• Alternating-Hamiltonian-Cycle: Given a graph G = (V, E), and a subset A ⊆ V of its vertices, does there exist a Hamiltonian Cycle of G, such that the cycle alternates between vertices in A and vertices in V \ A?
For example, if V = {a1, a2, a3, b1, b2, b3} and A = {a1, a2, a3}, and there were edges between every vertex, then the answer would be YES, because {a1, b1, a2, b2, a3, b3, a1} is both a Hamiltonian cycle and alternates between vertices in A and vertices not in A.
For some questions like above, how can we prove that alternating hamiltonian cycle is in NP-complete?
I could prove that it is in NP, but do not know how to reduce problem from NP-hard...
I am confused about the word "Alternating" Hamiltonial cycle.
Thanks in advacnce!
Yes, the problem of finding an alternating Hamiltonian cycle with respect a subset of all vertices (the alternating hamiltonian cycle problem) is a NP-complete problem.
To prove, let us reduce the directed Hamiltonian cycle problem, one of Karp's 21 NP-complete problems, to the current problem by a polynomial-time reduction.

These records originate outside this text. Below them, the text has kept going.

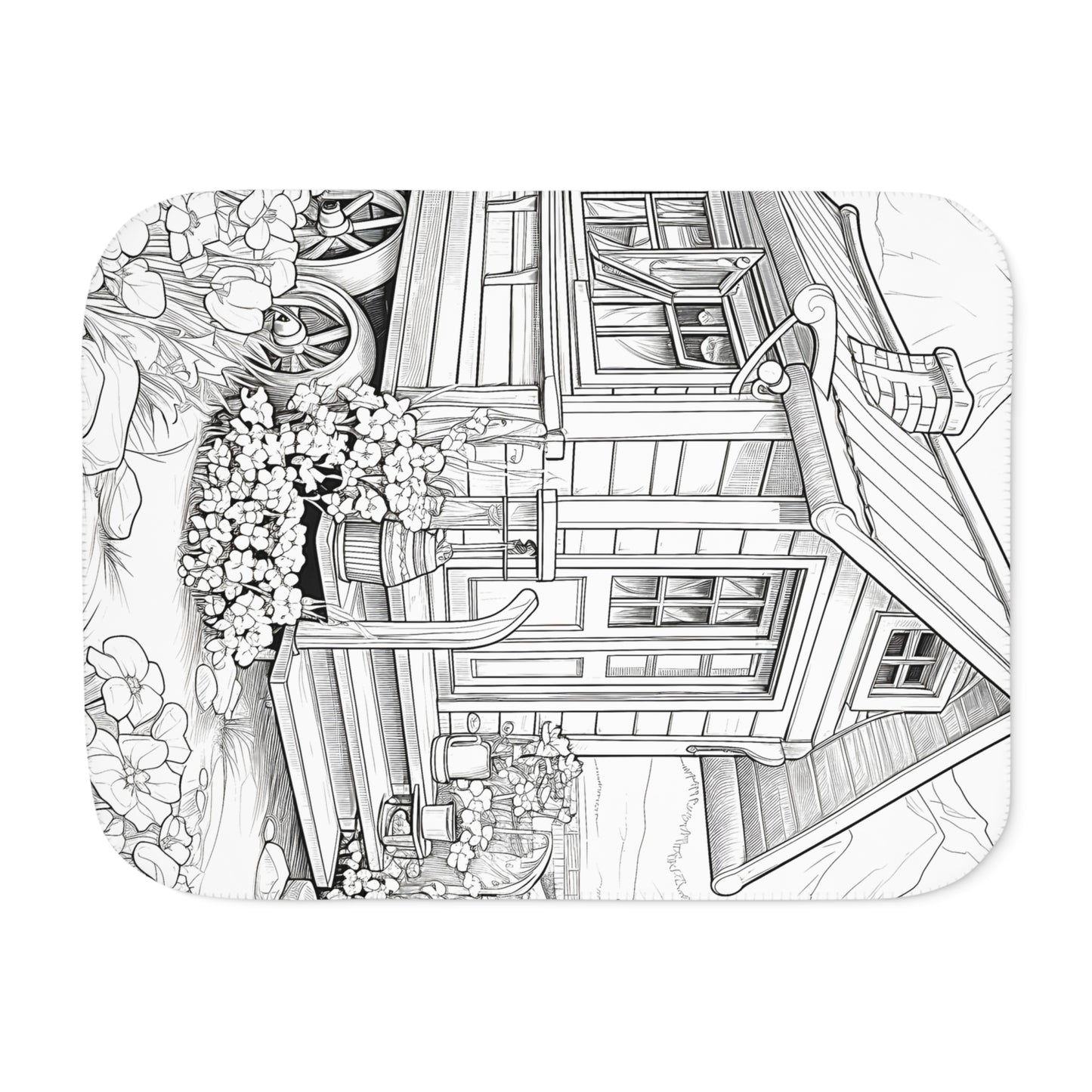 Blanket Coloring Kit with 10 Fabric Markers - Cottage in Nature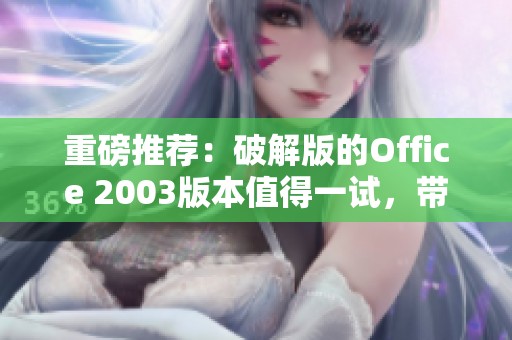 重磅推荐：破解版的Office 2003版本值得一试，带你体验全新的办公乐趣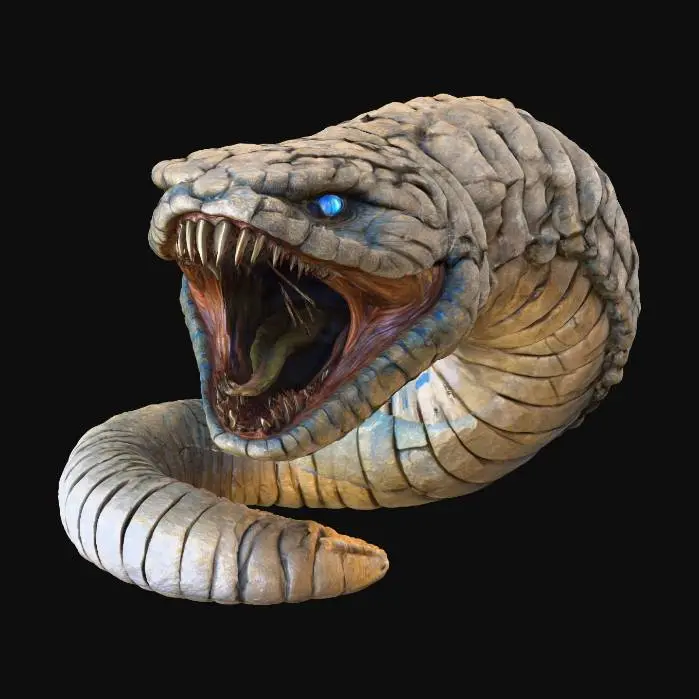 3D model for Desert Leviathan, A massive, worm-like creature with thick, rocky skin adapted to a wasteland environment.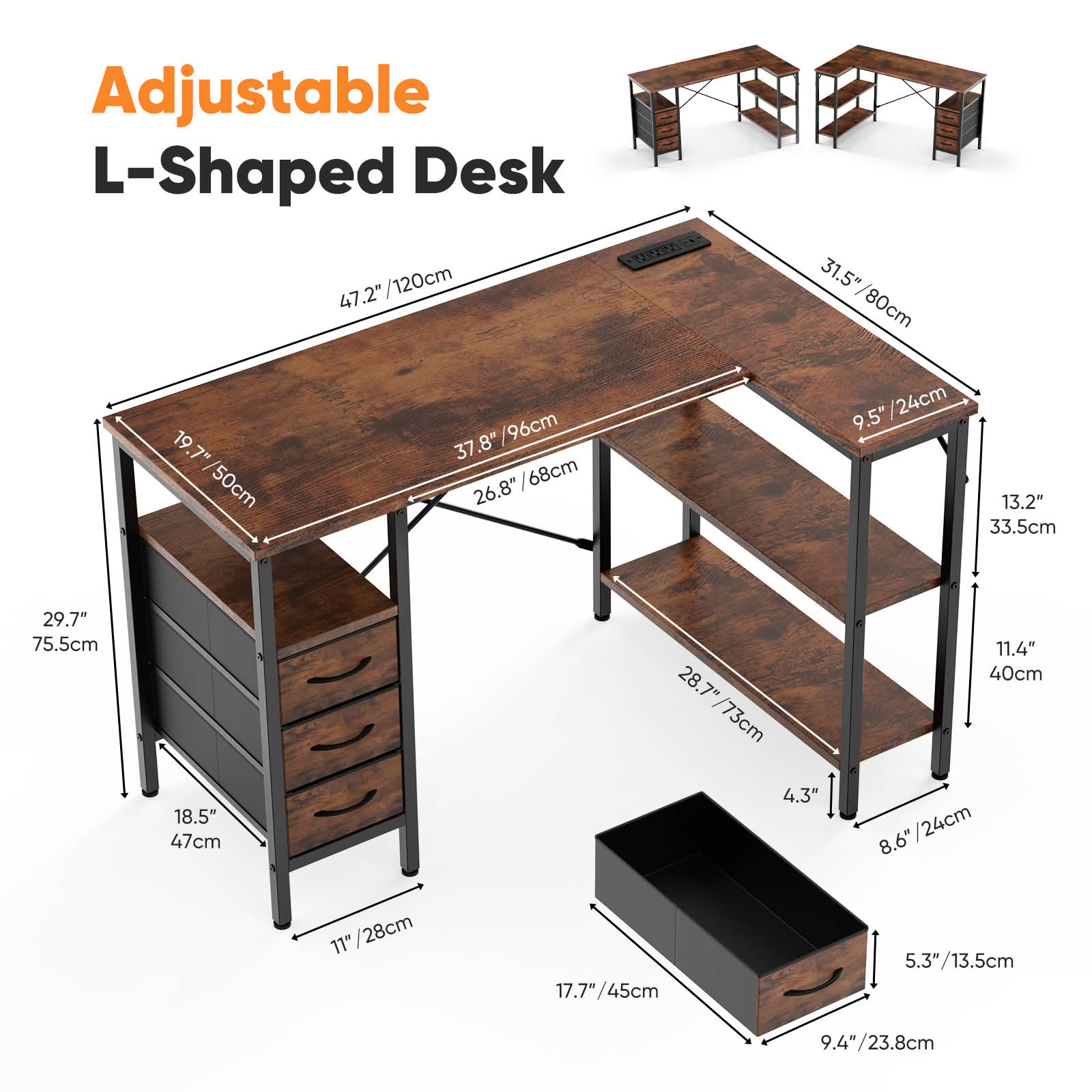 MAYEERTY 47in L-Shaped Gaming Desk, 3 Drawers Monitor Stand USB Port Power Socket, Corner Workstation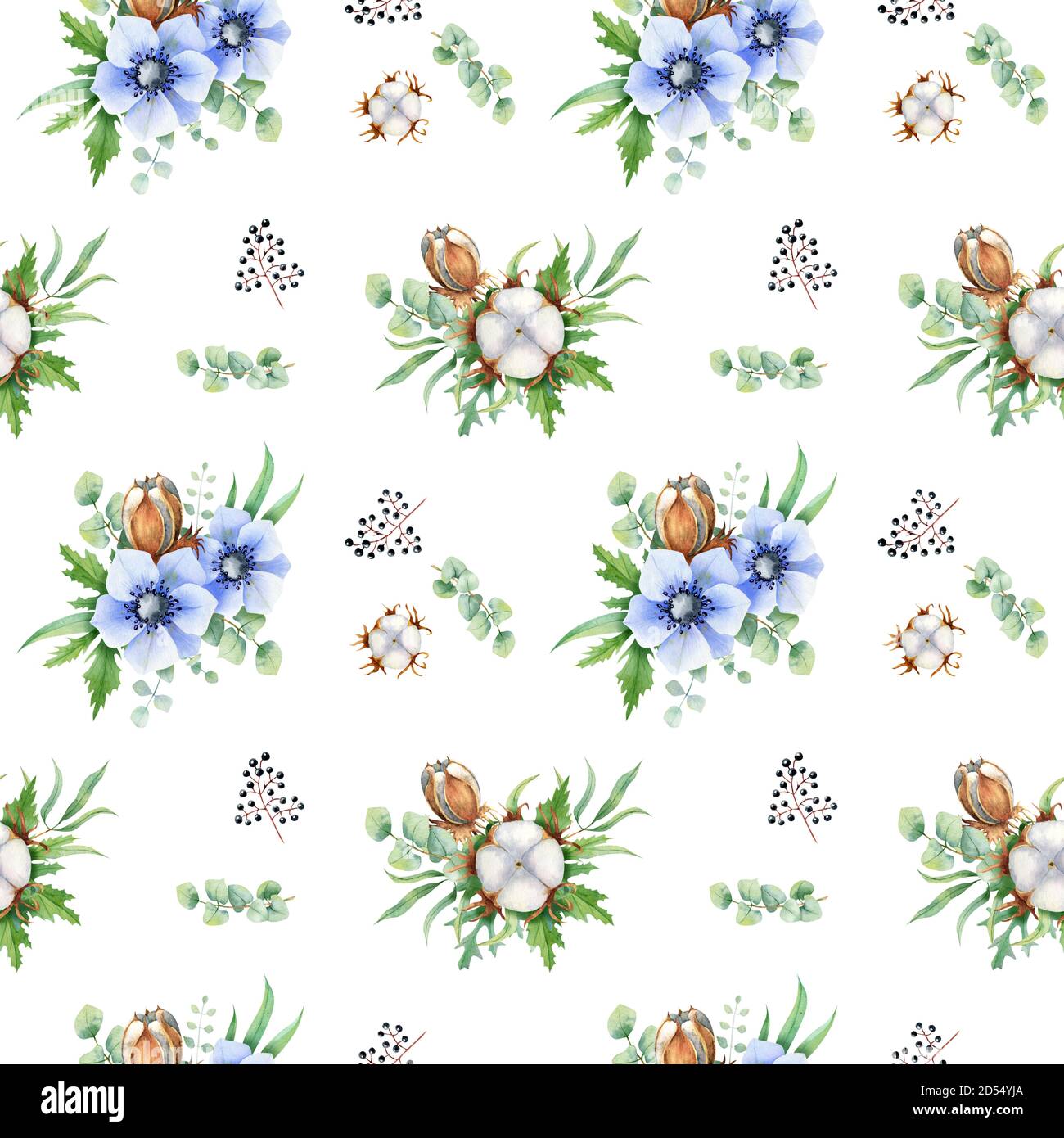 Nahtloses Muster aus Anemone mit Eukalyptus und Baumwollblumen für Stoff, Hochzeitseinladung, Kartenhintergründe auf weiß Stockfoto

Let $G$ be an directed graph with vertices $V$. For each vertex $u$ in $G$, we create four new vertices, $u_{in}, u_{left},u_{right}, u_{out}$ and three undirected edges $(u_{in},u_{left}),(u_{left},u_{right}),(u_{right}, u_{out})$. For each directed edge $(u, v)$ is in $G$, we create an undirected edge $(u_{out},v_{in})$. Let $G'$ be the graph with all created vertices and edges. Consider the subset of all vertices $A$ which consists of all vertices $u_{out}$ and $u_{right}$ for $u\in G$. It is not hard to see that Hamiltonian cycles in $G$ are in one-to-one correspondence with alternating Hamiltonian cycles in $G'$ with respect to subset $A$. So we have reduced the directed Hamiltonian cycle problem to the alternating Hamiltonian cycle problem. We can see easily that this reduction is a polynomial-time reduction.
(In fact, the problem of finding an alternating Hamiltonian cycle is none other than the problem of finding a Hamiltonian cycle in a bipartite graph. My proof just follows the question 4 of an exercise).